Value Engineering’s Role in Collaborative Delivery

What is Value Engineering?

Value engineering (VE) is a creative, systematic approach to providing the essential functions of a project at the best value. Successful VE results are achieved through an open, collaborative review of the project that considers life cycle costs, performance, quality, reliability, and safety. VE is one of the many benefits that collaborative-delivery methods such as CMAR, design-build, and progressive design-build offer to project owners.

Benefits of Value Engineering

The main goal of VE is to provide owners with a system that has the same functionality at a reduced cost; however, there are additional benefits. The VE process promotes collaboration among the entire project team during preconstruction when relationships between the contractor, engineer, and owner are being developed. VE requires a high level of communication between all parties to quickly vet ideas and implement changes. This process establishes lines of communication that last throughout the project and helps build trust among the project team. Establishing the owner’s needs up front helps ensure their critical requirements are not negatively affected. In addition to the team building aspects, VE can reduce the duration of a project by eliminating scope or altering means and methods to improve constructability. Risk can be also be reduced by removing scope or clarifying expectations for ambiguous scopes. The benefits of VE make it a key component of the collaborative-delivery process.

Pitfalls of Value Engineering

The main pitfall of VE is time. If long lead materials or equipment are being modified through the VE process, the project team needs to make decisions quickly to avoid procurement delays. It is important to identify time-sensitive elements of long lead items, such as shop drawing lead time, fabrication time frames, and manufacturer’s backlog early in VE discussions to avoid procurement delays. Design revisions associated with VE ideas can also impact the project schedule. If design revisions are not executed quickly, it can change the contractor’s sequence of construction or push non-critical work onto the critical path. Another pitfall with VE is that, if taken too far, it can result in minor changes with minimal cost benefit. The VE process takes time and effort from all parties to implement successfully. The project team can get bogged down with reviewing small changes that don’t provide significant cost savings. Setting a minimum value threshold for VE ideas can help prevent this from happening. These pitfalls can be avoided by effectively managing the VE process.

Managing the VE Process

Effective management of the VE process starts with the project team establishing guidelines. The contractor and owner should determine how savings will be shared before proceeding with any further VE efforts. Once this is accomplished, the key decision-makers from each party need to be identified. Communication protocols should be established for how VE ideas will be distributed, analyzed, and approved. Clear communication is critical throughout the VE process, and it is vital that all parties understand the flow of information and the decision-making process. It is also important to identify design features that are off limits for VE discussion, such as design elements that the owner has specifically requested.
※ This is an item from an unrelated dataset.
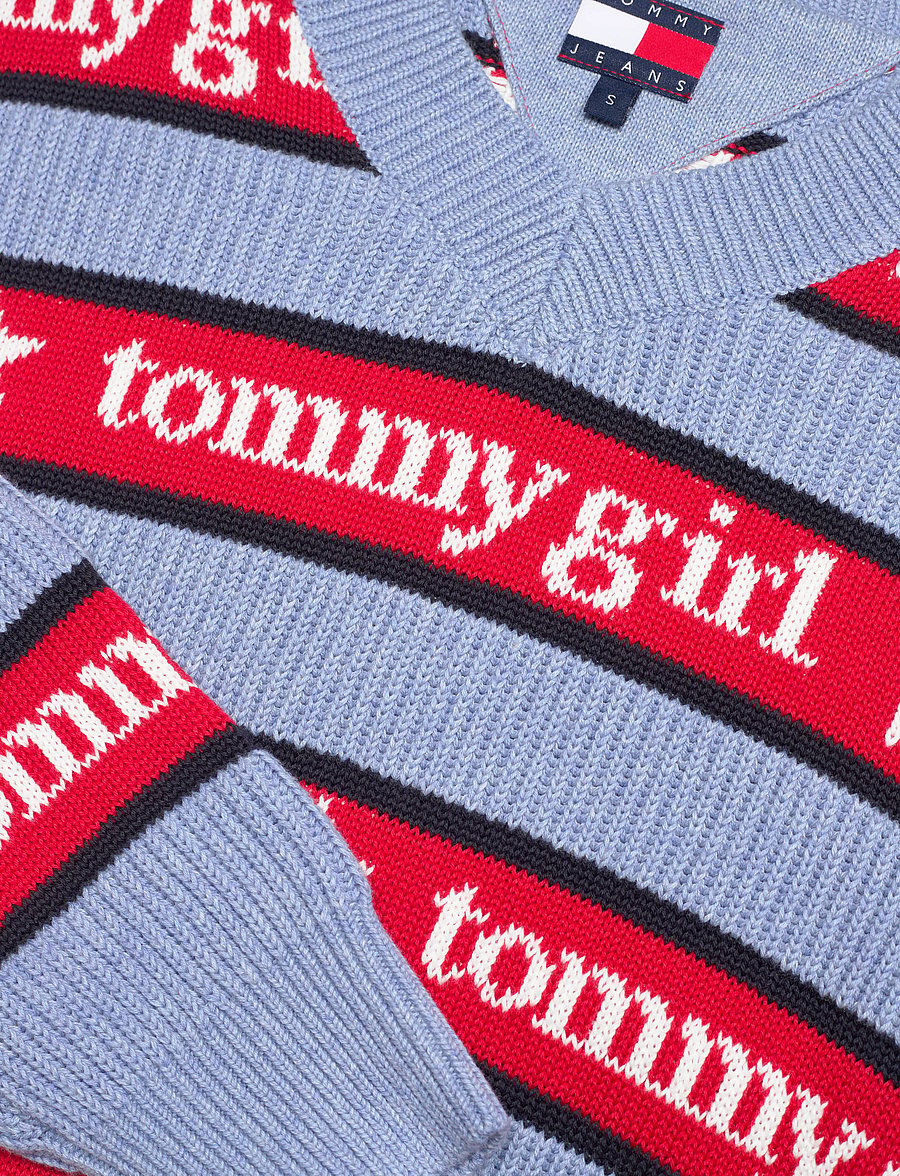 Tommy Jeans - TOMMY GIRL STRIPE SWEATER - striktrøjer - sweet blue - 5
Once the guidelines have been established, it’s time to get creative. VE ideas can be proposed by any party but are typically initiated by the contractor. The contractor should manage the construction schedule throughout the VE process to establish deadlines for reviews, approvals, and implementation. Deadlines need to be clearly communicated and agreed upon by the project team to prevent delays. All VE ideas should be tracked and discussed with the project team on a regular basis. Ideas that do not gain traction or could adversely impact the schedule should be abandoned. Any approved ideas should be documented and distributed to all appropriate parties.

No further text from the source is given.